» **Work order**
Print every line of the material below exactly as it stands, but omit the pictures.

» **Supplied information**
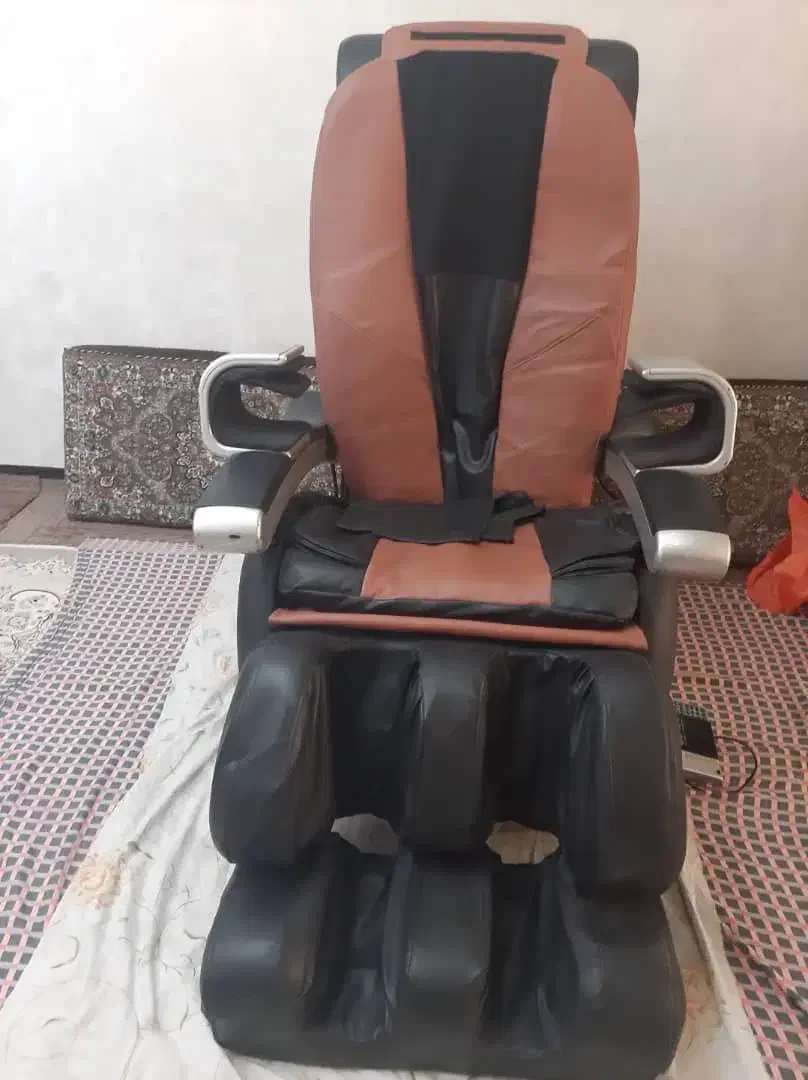 صندلی ماساژور معاوضه با گوشی و موتور|مبلمان خانگی و میز عسلی|قم, باجک دو|دیوار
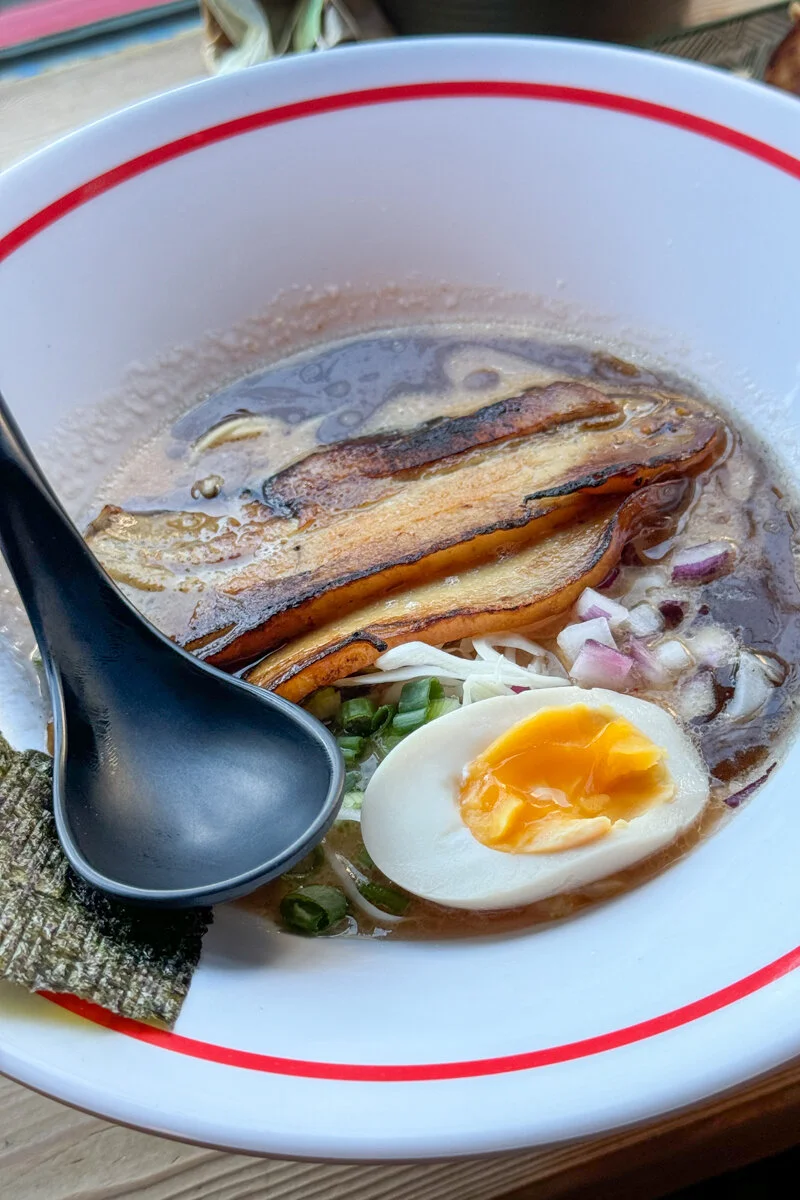 bol de bouillon avec poisson, œuf et nouilles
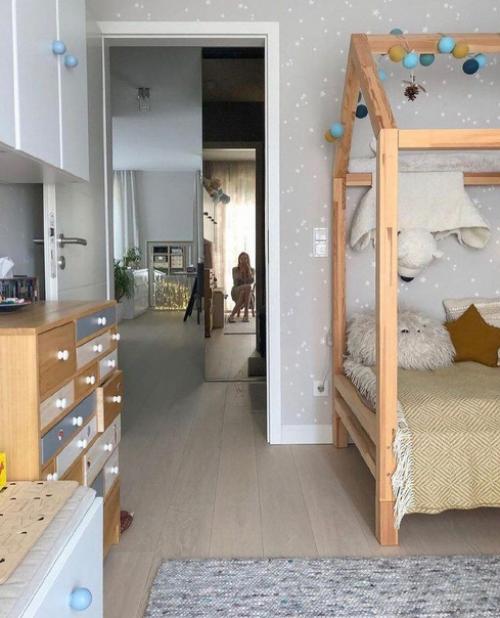 Эта просторная квартира площадью 90 квадратных метров идеально подходит для семьи с двумя детьми. 01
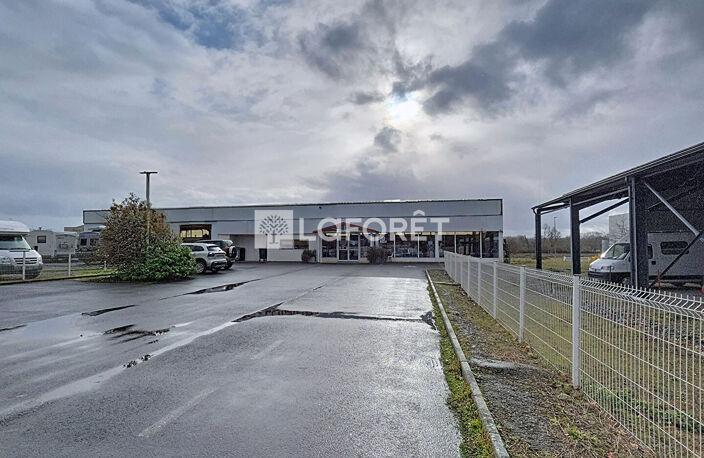 Bâtiment à usage professionnel et commercial Artix 629m² — photo 2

» **The completed task**
 صندلی ماساژور معاوضه با گوشی و موتور|مبلمان خانگی و میز عسلی|قم, باجک دو|دیوار
 bol de bouillon avec poisson, œuf et nouilles
 Эта просторная квартира площадью 90 квадратных метров идеально подходит для семьи с двумя детьми. 01
 Bâtiment à usage professionnel et commercial Artix 629m² — photo 2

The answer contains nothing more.